Abstract: Dual-specificity phosphatases (DUSPs) play an important role in regulating cellular signalling pathways governing cell growth, differentiation and apoptosis. Human DUSP26 inhibits the apoptosis of cancer cells by dephosphorylating substrates such as p38 and p53. High-resolution crystal structures of the DUSP26 catalytic domain (DUSP26-C) and its C152S mutant [DUSP26-C (C152S)] have been determined at 1.67 and 2.20 Å resolution, respectively. The structure of DUSP26-C showed a novel type of domain-swapped dimer formed by extensive crossover of the C-terminal [alpha]7 helix. Taken together with the results of a phosphatase-activity assay, structural comparison with other DUSPs revealed that DUSP26-C adopts a catalytically inactive conformation of the protein tyrosine phosphate-binding loop which significantly deviates from that of canonical DUSP structures. In particular, a noticeable difference exists between DUSP26-C and the active forms of other DUSPs at the hinge region of a swapped C-terminal domain.
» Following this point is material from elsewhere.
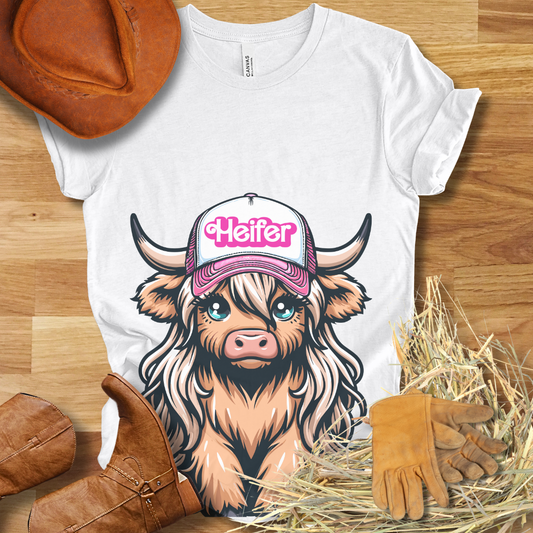 Heifer T-Shirt (AOP Print)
Additionally, two significant gaps were identified between the catalytic core and its surrounding loops in DUSP26-C, which can be exploited as additional binding sites for allosteric enzyme regulation. The high-resolution structure of DUSP26-C may thus provide structural insights into the rational design of DUSP26-targeted anticancer drugs.

PDB references: 2e0t and 4b04

Keywords: PTP; DUSP26; catalytic domain; domain swapping.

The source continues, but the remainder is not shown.